(Web page caption snippets)
========================================
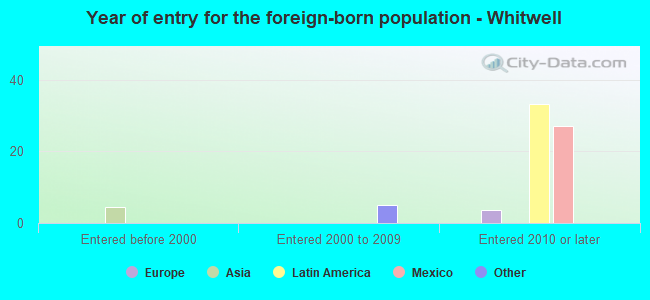 Year of entry for the foreign-born population - Whitwell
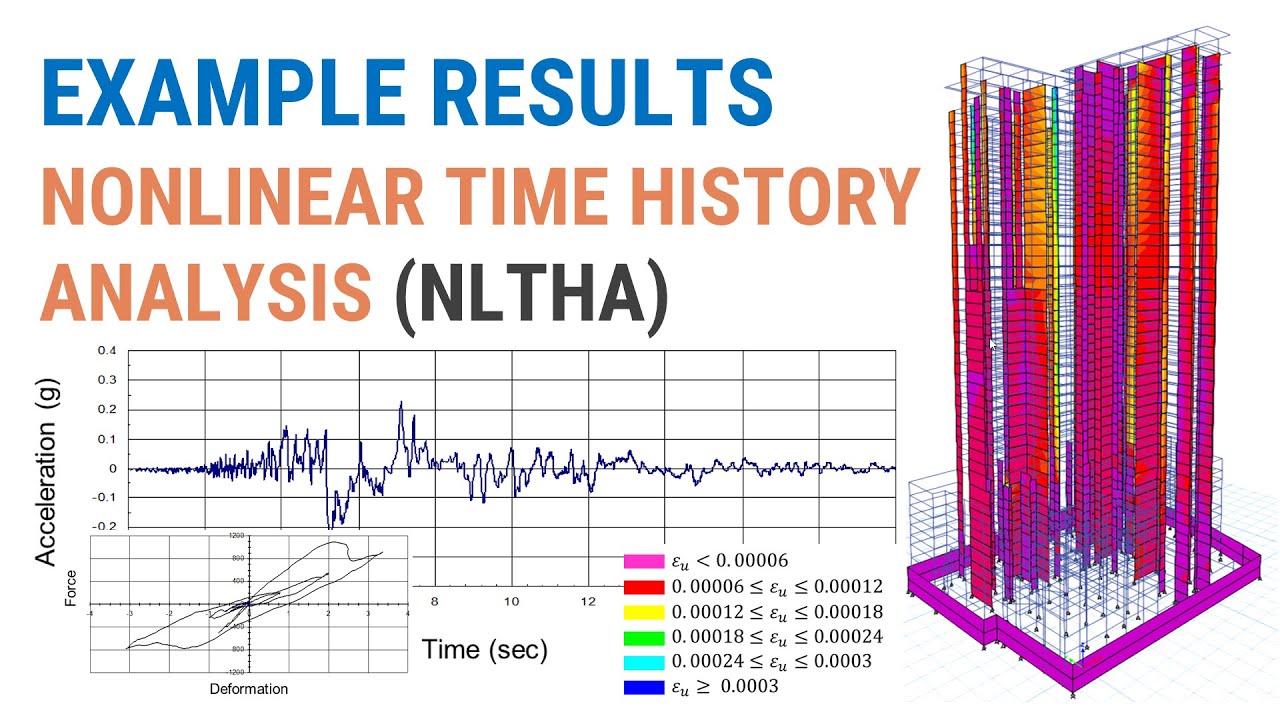 27 - Example Results from Nonlinear Time History Analysis (NLTHA) - CSI ETABS and CSI PERFORM 3D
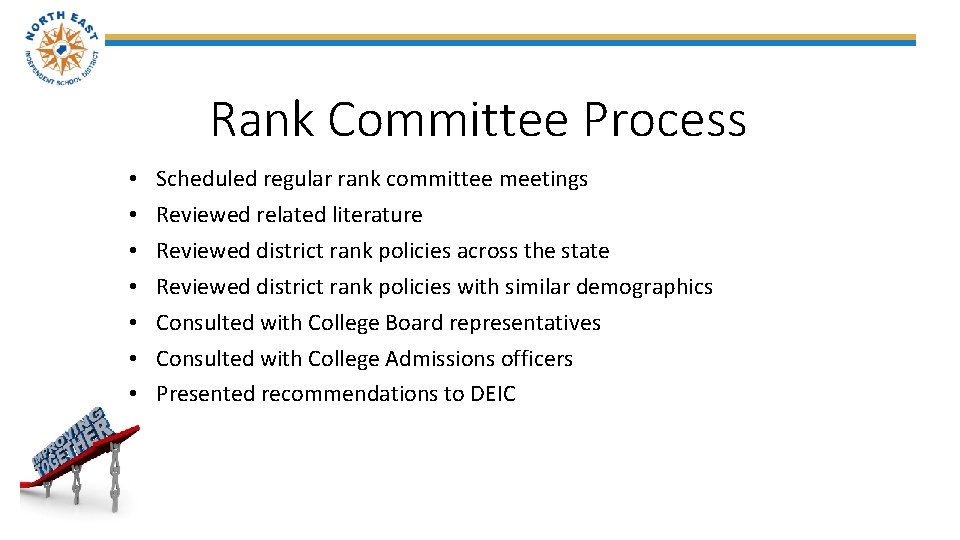 Rank Committee Process • • Scheduled regular rank committee meetings Reviewed related literature Reviewed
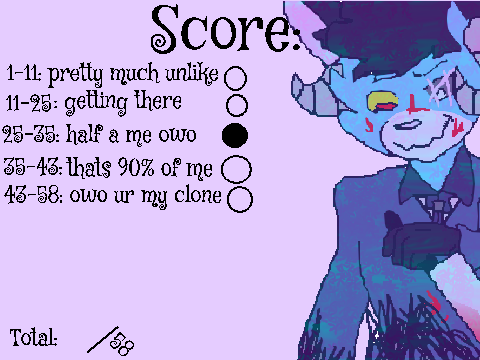 How Icy Are You? Test results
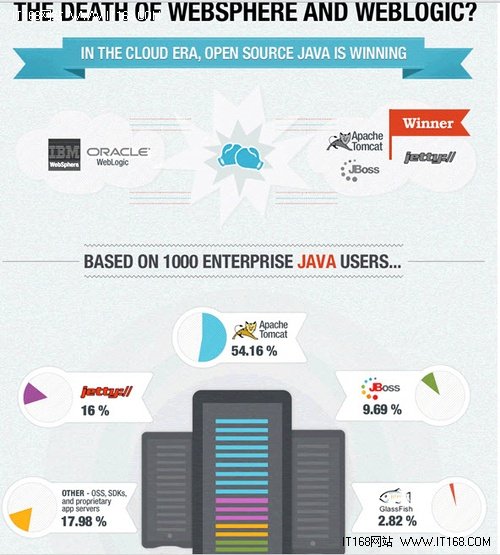 调查显示:Java应用服务器市场开源挂帅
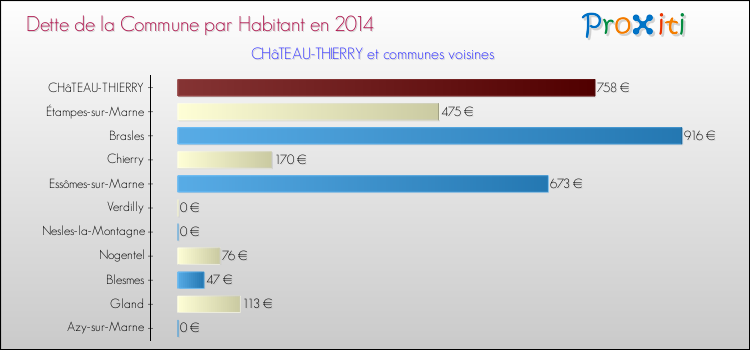 Dette par habitant de la commune en 2014 pour CHâTEAU-THIERRY et les communes proches Comparaison de la dette par habitant de la commune en 2014 pour CHâTEAU-THIERRY et les communes voisines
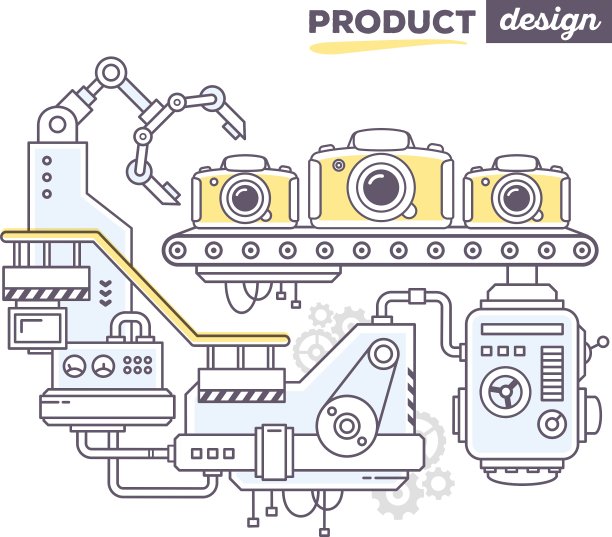 创新专业的生产机制图片下载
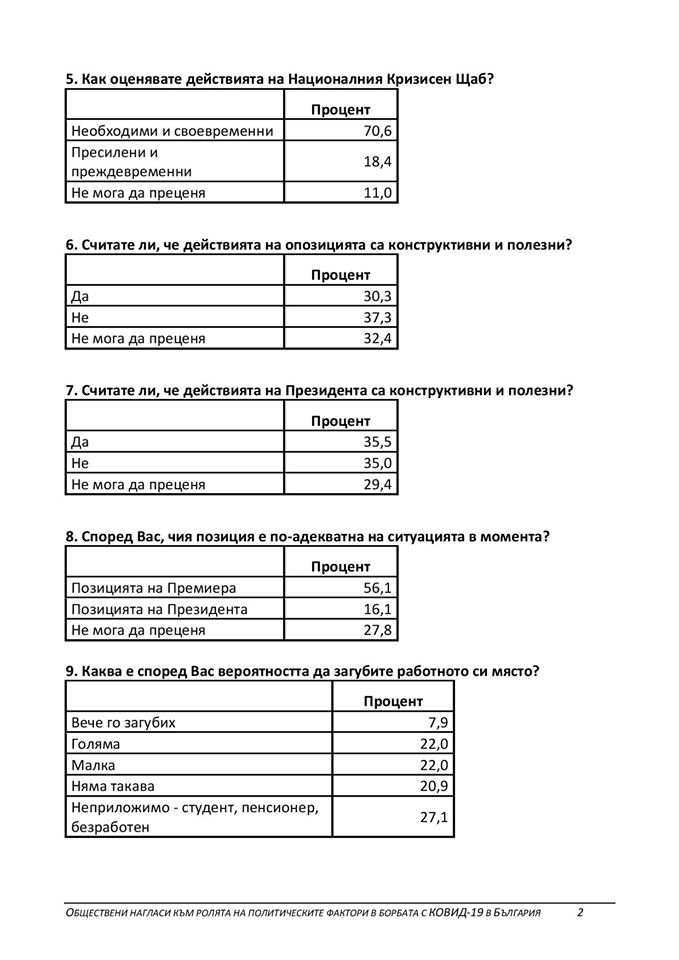  "Сова Харис" шашна с данни за Борисов и COVID-19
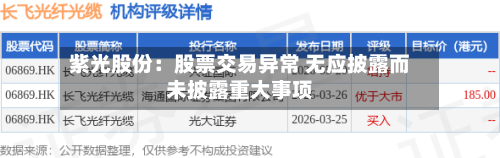 紫光股份：股票交易异常 无应披露而未披露重大事项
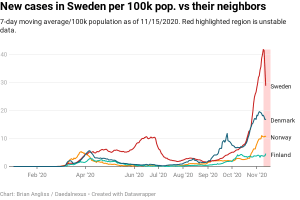 New COVID-19 cases per 100k population in Sweden compared to Denmark, Finland, and Norway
========================================
• Assignment
An exact restatement of the lines from the one holding "How Icy Are You? Test results" through the end of the entries, both ends included, is the whole answer. Pictures stay out.

• Solution below
 How Icy Are You? Test results
 调查显示:Java应用服务器市场开源挂帅
 Dette par habitant de la commune en 2014 pour CHâTEAU-THIERRY et les communes proches Comparaison de la dette par habitant de la commune en 2014 pour CHâTEAU-THIERRY et les communes voisines
 创新专业的生产机制图片下载
  "Сова Харис" шашна с данни за Борисов и COVID-19
 紫光股份：股票交易异常 无应披露而未披露重大事项
 New COVID-19 cases per 100k population in Sweden compared to Denmark, Finland, and Norway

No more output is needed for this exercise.